- _ASSIGNMENT_: Retype the listing exactly. Leave out the images.

- _RECORDS PROVIDED_:
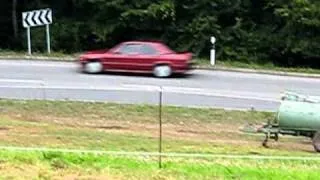 Mercedes-Benz 190E 2.5-16 sound 2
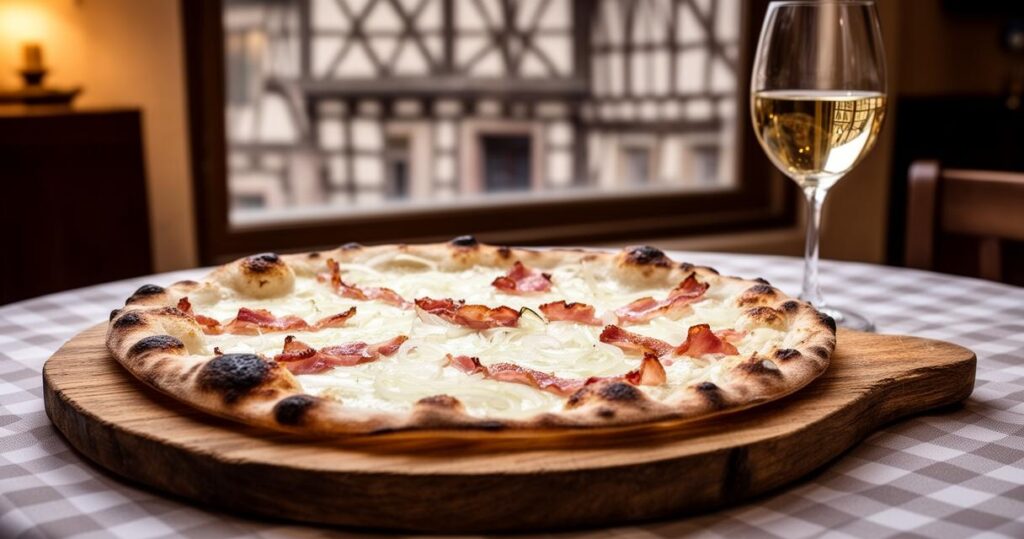 Tarte flambée obernai: the 3 best restaurants for families exploring alsacian cuisine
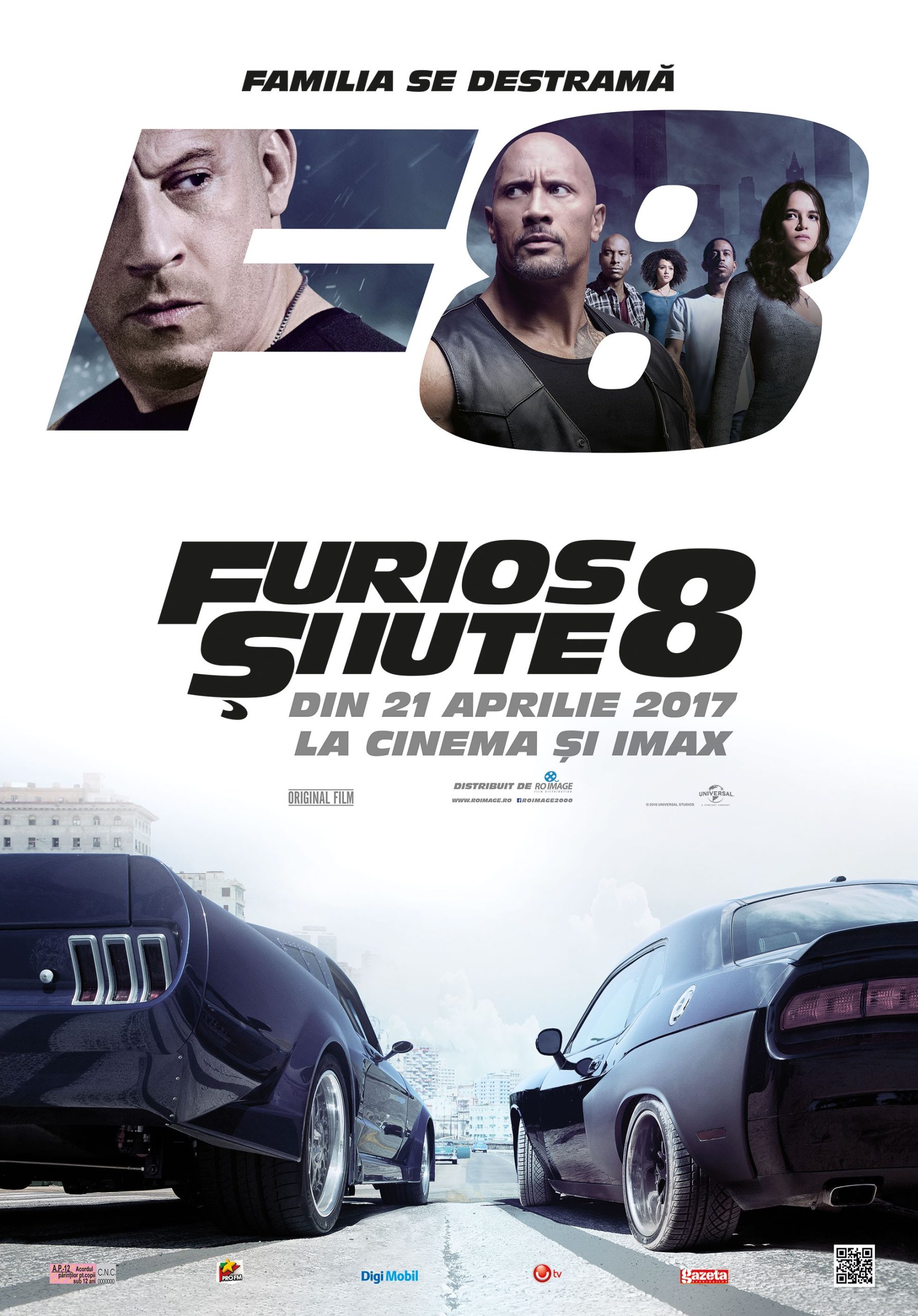 FURIOS ȘI IUTE 8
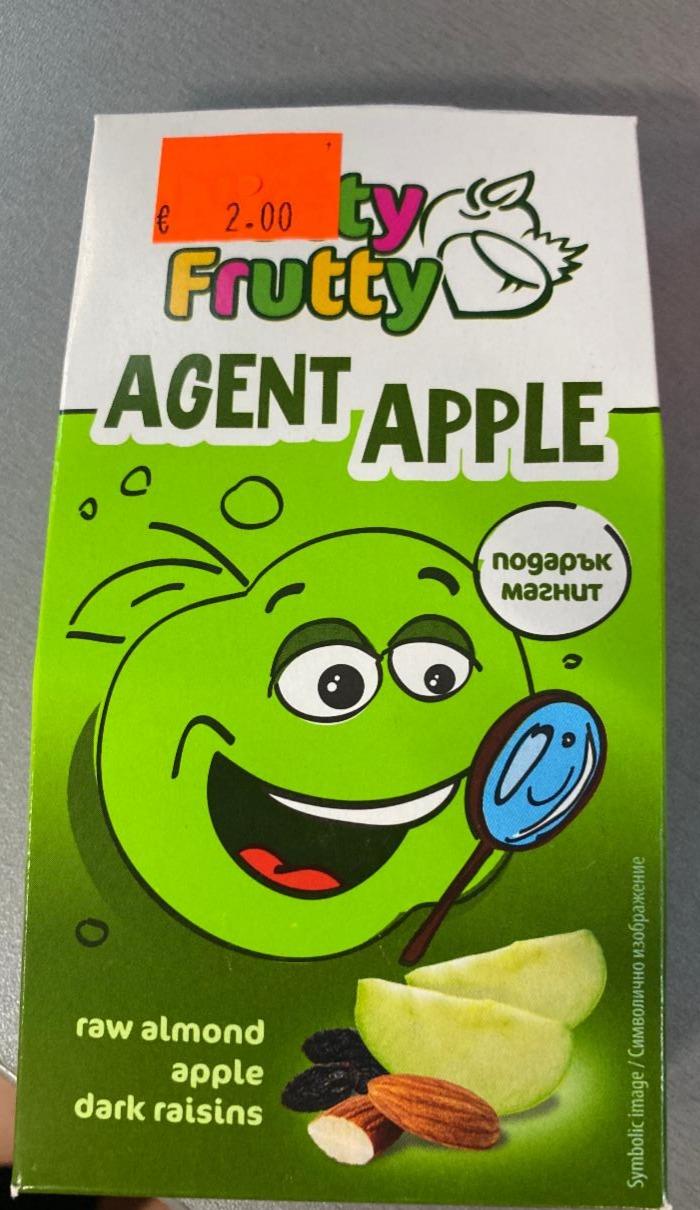 Fotografie - agent Apple Nutty frutty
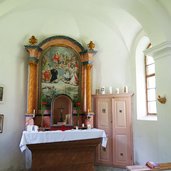 pfistrad alm st anna kirche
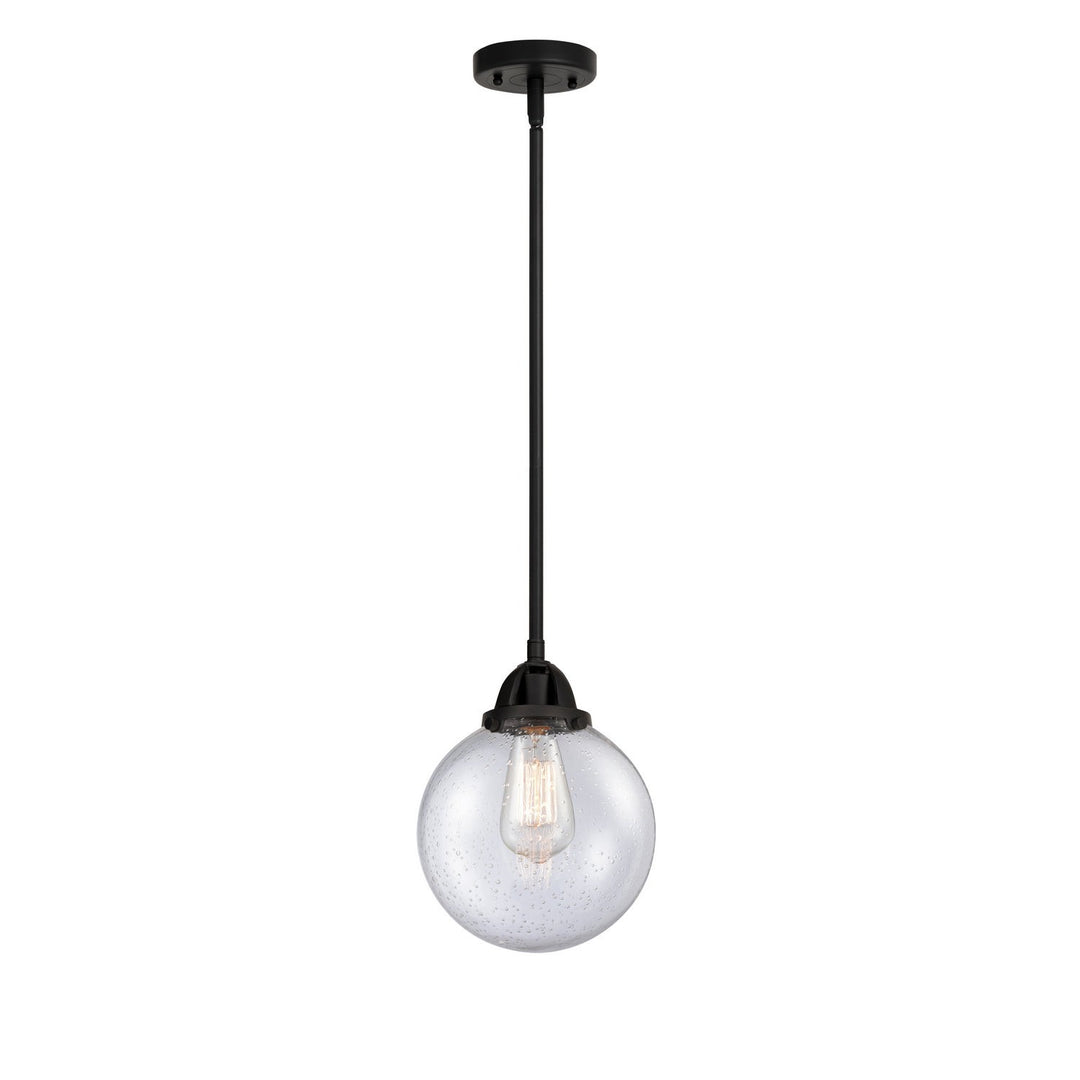 Innovations Nouveau 2 288-1S-BK-G204-8-LED Pendant Light - Matte Black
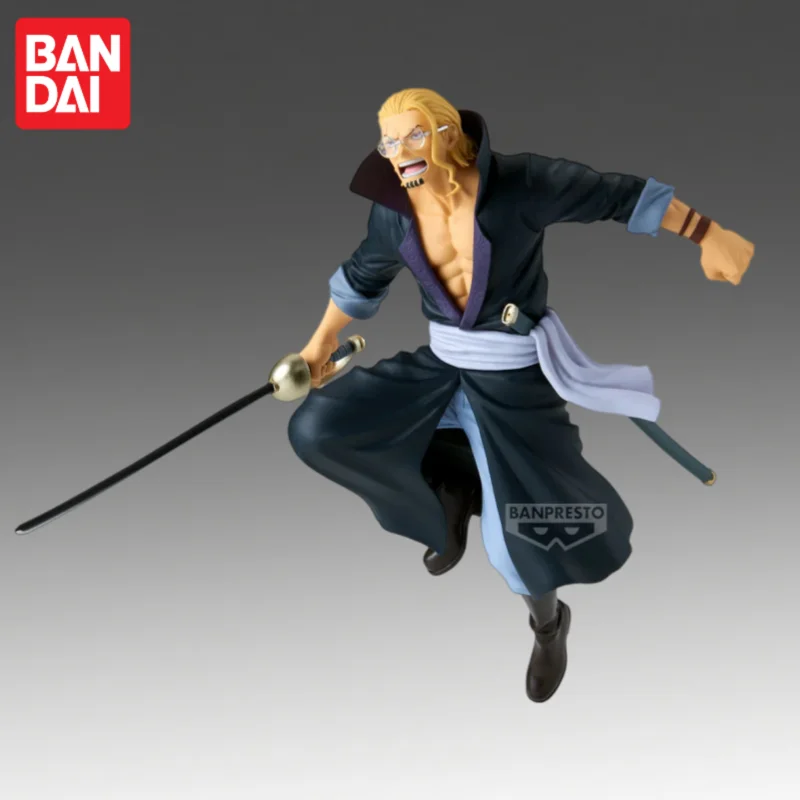 

В наличии: Оригинальная фигурка Bandai Banpresto One Piece Silvers Rayleigh Battle Record Collection, новая, в коробке.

- _TASK OUTPUT_:
 Mercedes-Benz 190E 2.5-16 sound 2
 Tarte flambée obernai: the 3 best restaurants for families exploring alsacian cuisine
 FURIOS ȘI IUTE 8
 Fotografie - agent Apple Nutty frutty
 pfistrad alm st anna kirche
 Innovations Nouveau 2 288-1S-BK-G204-8-LED Pendant Light - Matte Black

В наличии: Оригинальная фигурка Bandai Banpresto One Piece Silvers Rayleigh Battle Record Collection, новая, в коробке.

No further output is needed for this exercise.